Nach einem Treffen mit europäischen Entwicklungspolitikern, die zugleich auch Gouverneure der Weltbank sind, sagte Wolfowitz am Mittwoch in Brüssel: "Ich freue mich darauf, mit Menschen im Geiste der Kooperation zusammenarbeiten zu können."

Der bisherige Vize-Verteidigungsminister, der in vielen europäischen Ländern als Vertreter eines neo-konservativen Unilateralismus gilt und dessen Nominierung durch US-Präsident George W. Bush kritisiert worden war, zeigte Verständnis für seine Kritiker.

"Keine Begeisterung"

"Ich verstehe, dass ich - um es milde auszudrücken - eine umstrittene Person bin", sagte Wolfowitz. "Aber ich hoffe, dass die Leute, wenn sie mich besser kennen lernen, verstehen werden, dass ich wirklich zutiefst an die Aufgabe der Bank glaube. Menschen zu helfen, die in Armut leben, ist eine noble Aufgabe." Die deutsche Entwicklungsministerin Heidemarie Wieczorek-Zeul (SPD) sagte nach dem Gespräch: "Wir haben unsere Forderungen und unsere Verpflichtungen dargestellt. Und auf dieser Basis gehe ich davon aus, das er (Wolfowitz) bei seiner Wahl die europäische und auch die deutsche Unterstützung haben wird."

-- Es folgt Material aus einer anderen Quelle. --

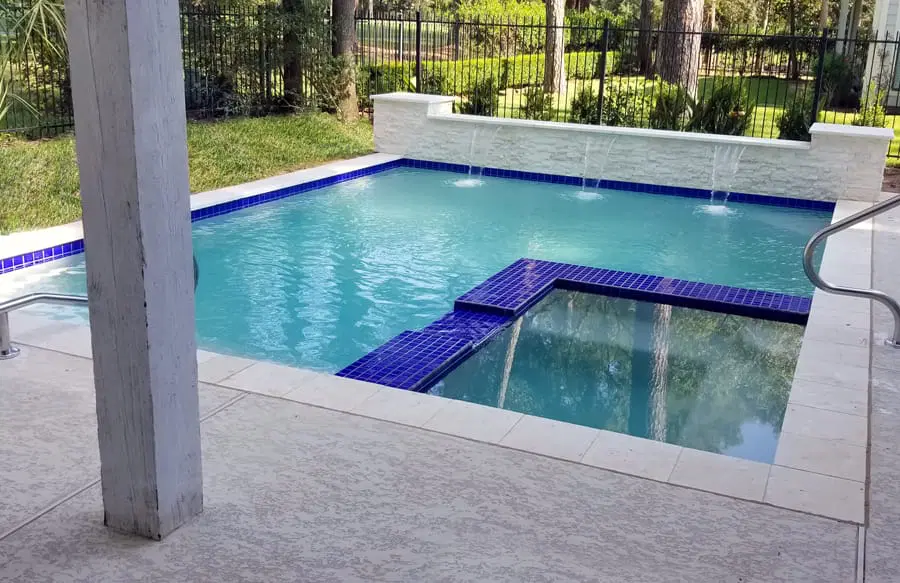 Inground swimming pool with custom backyard design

Zuvor hatte schon Bundeskanzler Gerhard Schröder (SPD) erklärt, auch wenn in Europa "keine Begeisterung" über Wolfowitz herrsche, so werde dessen Ernennung doch nicht an Deutschland scheitern. Er sei überzeugt, dass Menschen auch an ihrem Amt wachsen könnten.

Wolfowitz wollte sich nicht zu dem Pariser Wunsch äußern, ihm künftig einen französischen Vizepräsidenten zur Seite zu stellen. "Es ist sehr wichtig, dass die Führungsspitze der Bank die Tatsache widerspiegelt, dass dies eine multilaterale Institution ist", sagte er.

"Sie muss widerspiegeln, dass die Europäer der größte Einzelblock von Anteilseignern sind, aber sie muss auch die ganze Vielfalt der Bank widerspiegeln. Ich werde nach den besten Talenten in der ganzen Welt suchen." Wieczorek-Zeul sagte: "Insgesamt ist klar, dass möglichst die Anteilseigner auf den wichtigen Ebenen auch vertreten sein sollen. Und es ist auch heute deutlich geworden: Die Europäer haben mit einem Anteil von 30 Prozent ein wichtiges Wort bei der Weltbank, ihrer Struktur und ihrer Arbeit mitzureden."

Im Gegenzug für Lamy

In den vergangenen Wochen sagten EU-Diplomaten in Brüssel, Europa erwarte unter anderem, dass die USA nach der Zustimmung zu Wolfowitz den Wunsch, den Franzosen Pascal Lamy zum neuen Chef der Welthandelsorganisation (WTO) zu machen, unterstützen werden. Mittlerweile hat Frankreich einem Bericht von Le Monde zufolge zusätzlich Interesse an einem Stellvertreterposten bei der Weltbank angemeldet.

"Wir wollen, dass die Weltbank als multilaterale Organisation gestärkt wird", sagte Wieczorek-Zeul zur Haltung der Europäer. "Wir wollen die Orientierung auf globale Armutsbekämpfung."

Sie begrüßte, dass der künftige Weltbankpräsident versichert habe, er werde sein Amt unabhängig von den Wünschen der US-Regierung leiten. "Wir hatten das Gefühl, dass unsere Botschaft angekommen ist."